Sunday, 13 November 2011

I just don't get it

Recently an ad for a top retailer aired on TV and since then it has brought tears to the eyes of (from what I can gather) most of the UK population.  For some reason me and another person and various other people who I don't know but whose opinions I find credible (via twitter) feel the complete opposite.  The ad itself features a little boy desperately wishing his days away until Christmas Day where we are led to believe (by the huge amount of presents at the end of his bed) that it's all about what he will receive, when in fact it's about him being more excited at  presenting his parents with the gift he's been hiding in his wardrobe.  Nice idea, the whole "it's better to give than receive" etc but I can't understand why this is tugging on so many heart-strings?

This ad is being lauded as being creatively brilliant (by the ad world), beautifully shot and advertising at its best.  What I think is that it's a Christmas ad for a great shop.  Personally I think their ad last year resonated more with me (creatively and emotionally); it didn't make me cry but made me feel warm inside and more importantly - I should start putting my Christmas list together and do my entire shop at John Lewis!

But what I do find most odd is that the daily TV ads for starving children in war torn countries and the desperately heart-wrenching NSPCC ads don't have the same outpouring of tears/tugging at heart-strings that this ad seems to have created.  Now these ads do make me cry, proper can't breathe sobbing at the inhumanity of their desperately sad lives.  However they don't have an expensive media spot in the middle of XFactor.

So being less cynical I started thinking that a lot of people are in a different situation than they were this time last year.  Money is tight, inner city communities have broken down in front of our eyes, society has shifted and has made us feel less secure.  There now seems more than an ever an elite few with all the riches one could ever imagine and the remainder wondering how they'll meet their mortgage repayment this month or heat their homes with rising fuels prices.  Maybe collectively and unconsciously we as a country just want to feel safe again and this ad has made us wistful for simpler times.

Finally a few angry tweeters in response to a certain bloke who also can't understand this outpouring have said to him, "it's because you have no children, you wouldn't understand".  This (not very nice) argument has been thrown at me more times than you can possibly imagine.  Am I (or that bloke) less compassionate and less in touch with children and family life because I don't have children?
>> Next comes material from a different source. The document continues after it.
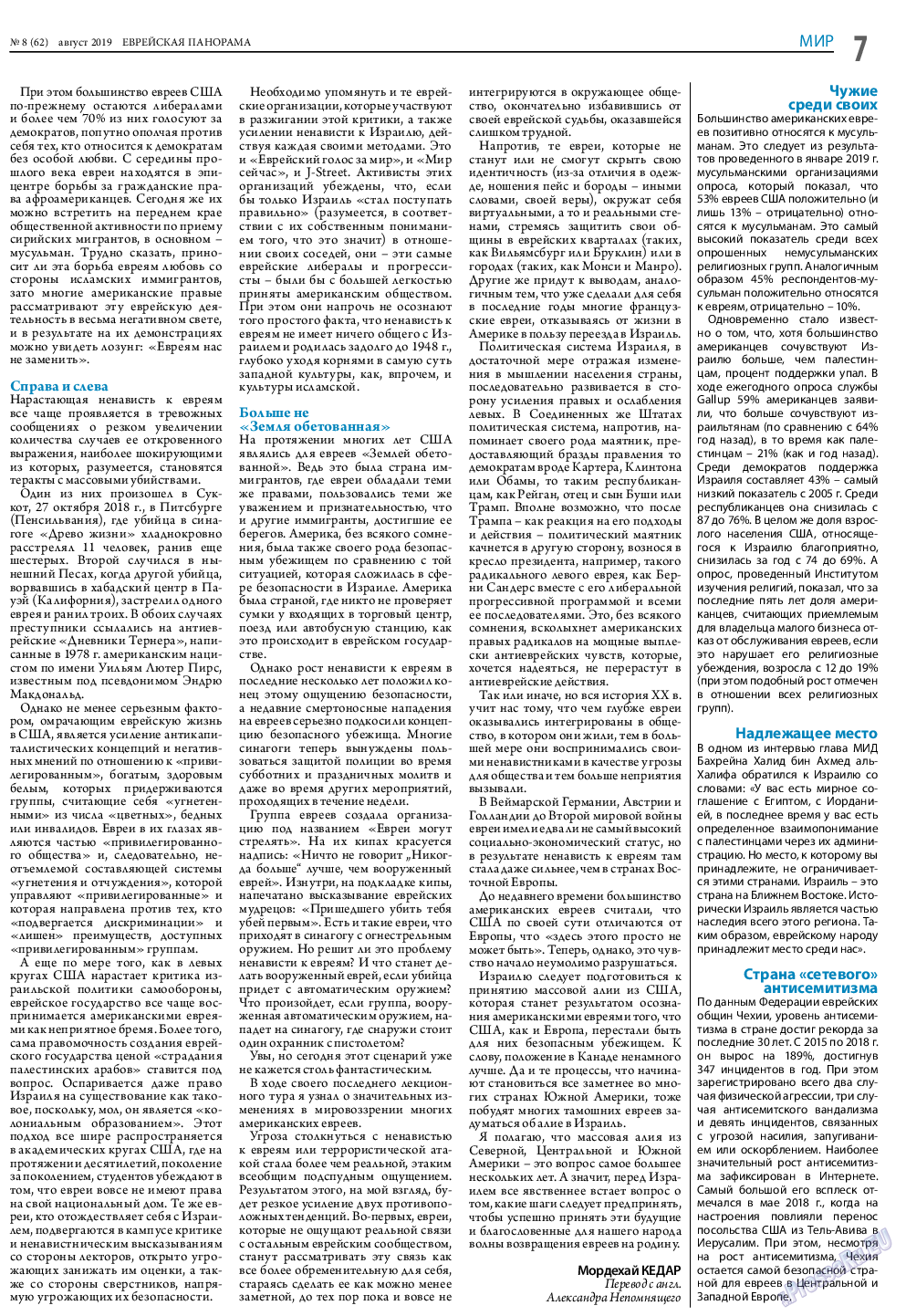 Еврейская панорама, газета. 2019 №8 стр.7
I think not.  I decided against children because personally I feel there are more than enough people populating this over burdened planet (for reasons they have no control over i.e. barely literate African nations, religious groups and their anti-contraception mind controlling belief systems).  

I have all the connections I could possibly ask for with family and children.  I have two of the most beautiful nieces, another two nieces and nephews by marriage and an abundance of friends whose great kids I love hanging out with and most importantly I LOVE Christmas.
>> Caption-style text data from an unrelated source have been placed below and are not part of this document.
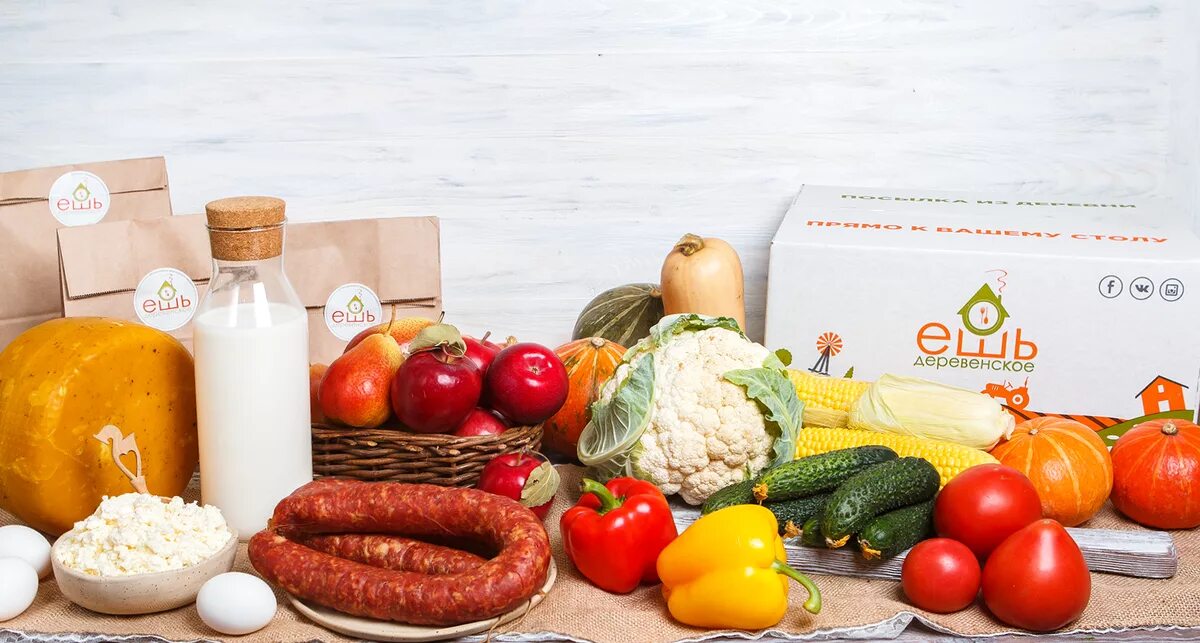 Выберите продукт. Фермерские продукты. деревенская продукция. фермер с продуктами. набор деревенских продуктов.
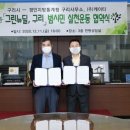 그린정보통신 케이에스피뉴스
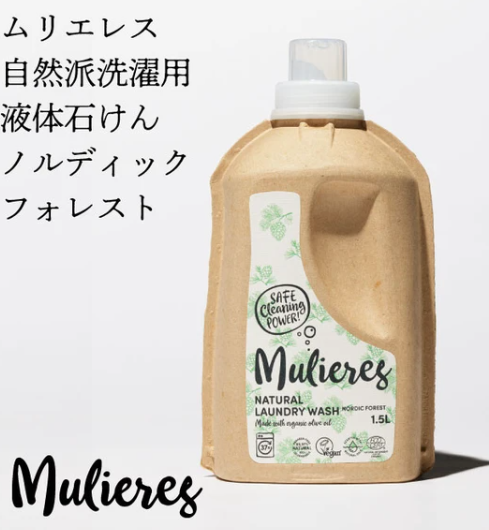 自然派洗濯用液体石けん　 ノルディック・フォレスト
Quite simply this ad isn't worth the accolades.

 




2 comments:

Aaron said...

Full disclosure.
I work in advertising.
Don't have kids.
Don't cry often.

The direction of this ad is phenomenal. The story is woven so that 99% of viewers already think they know how it'll end. Personally I wanted to deck the little kid on first viewing.

When the twist came, my brain behaved how brains do when they're tricked. Flood of emotion.

And 99% of the population's brains did as well.

An idea so familiar (better to give than receive), told in such an elegantly simple way, that still managed to fool the overwhelming majority of people that watched it...
That's fucking magic.

On a side note, what do you think of this ad:
http://www.youtube.com/watch?v=ialZcLaI17Y&feature=youtube_gdata_player

Tallulah-Bright said...

Terrifyingly real. Gory. I'll be honest the only zombie movie I can stomach is Shaun of the Dead and this isn't even a movie, it's a video game! Opening sequence done so well. Reminds me of the road traffic campaign ads in the UK.

Thanks for posting and for your comments. I agree it's elegantly done but I think the parents demeanour was dreadful, you'd think there'd been a death in the family!